INSTRUCTIONS TO FOLLOW -> Pictures stay out; everything else in the listing below is to be restated word for word.

RECORDED INFORMATION ->
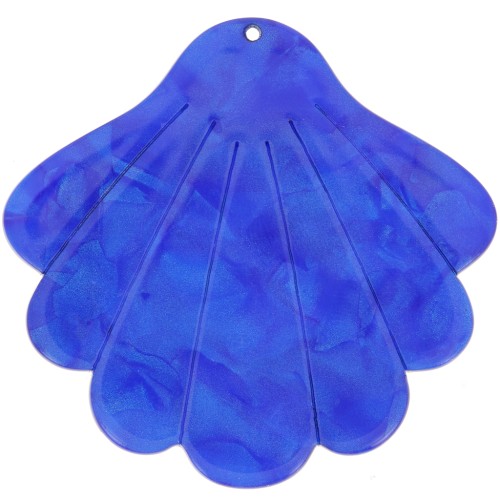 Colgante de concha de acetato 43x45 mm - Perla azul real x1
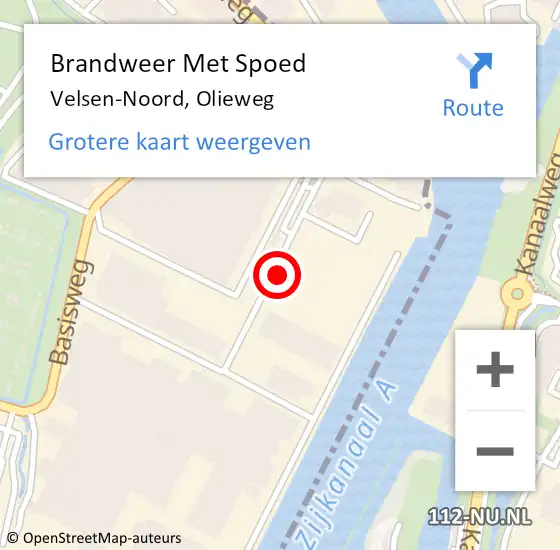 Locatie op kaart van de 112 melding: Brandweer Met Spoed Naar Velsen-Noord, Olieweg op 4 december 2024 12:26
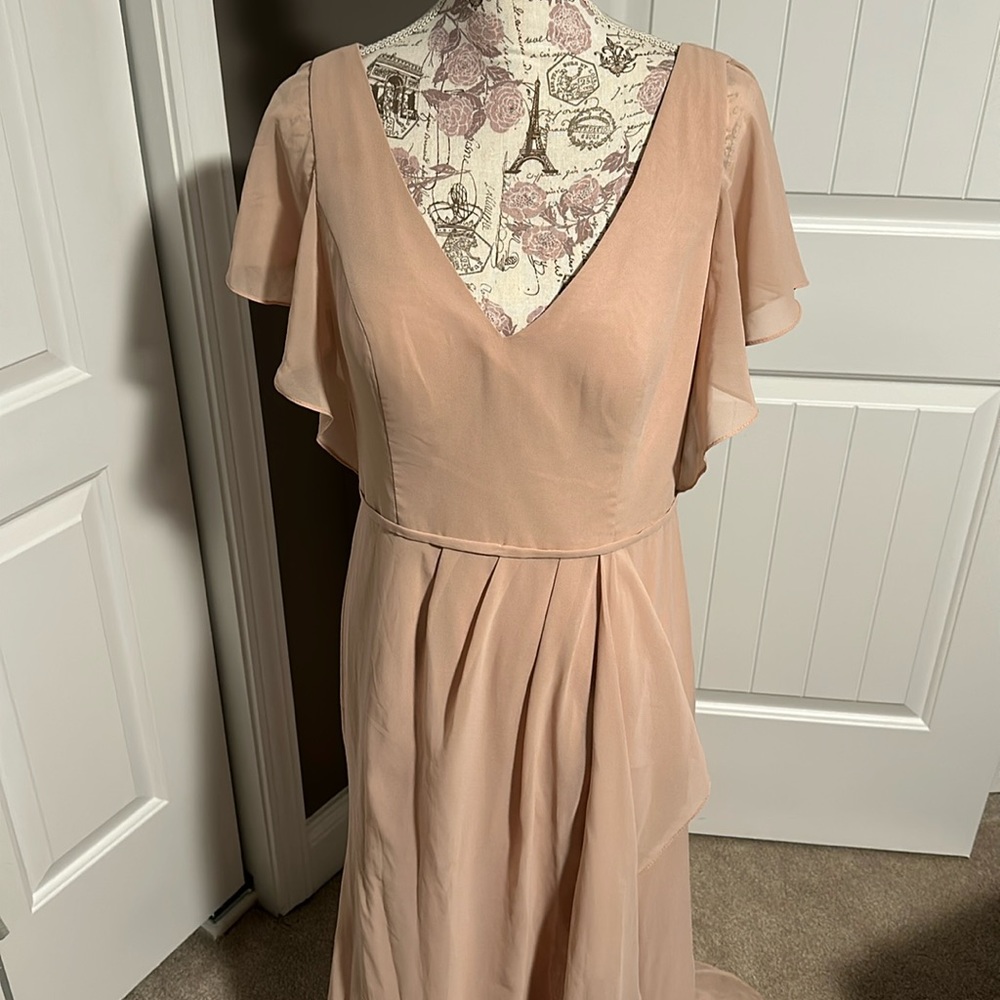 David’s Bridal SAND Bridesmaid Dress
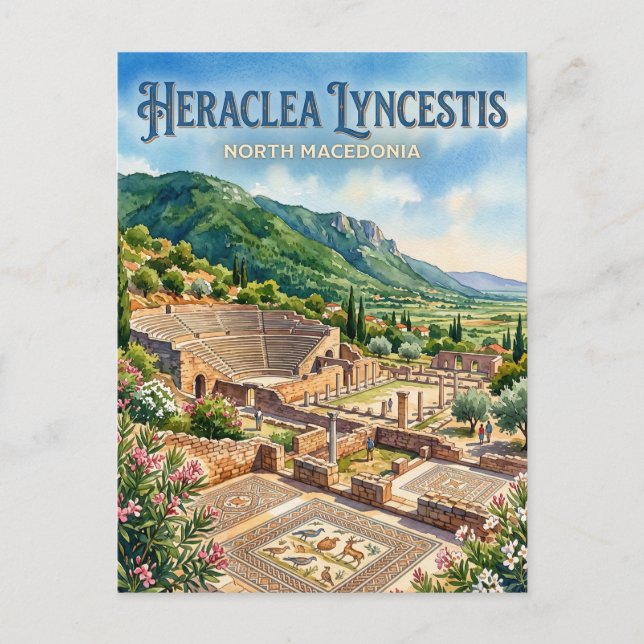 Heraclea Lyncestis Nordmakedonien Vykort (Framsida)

SOLUTION TO THIS PROBLEM ->
 Colgante de concha de acetato 43x45 mm - Perla azul real x1
 Locatie op kaart van de 112 melding: Brandweer Met Spoed Naar Velsen-Noord, Olieweg op 4 december 2024 12:26
 David’s Bridal SAND Bridesmaid Dress
 Heraclea Lyncestis Nordmakedonien Vykort (Framsida)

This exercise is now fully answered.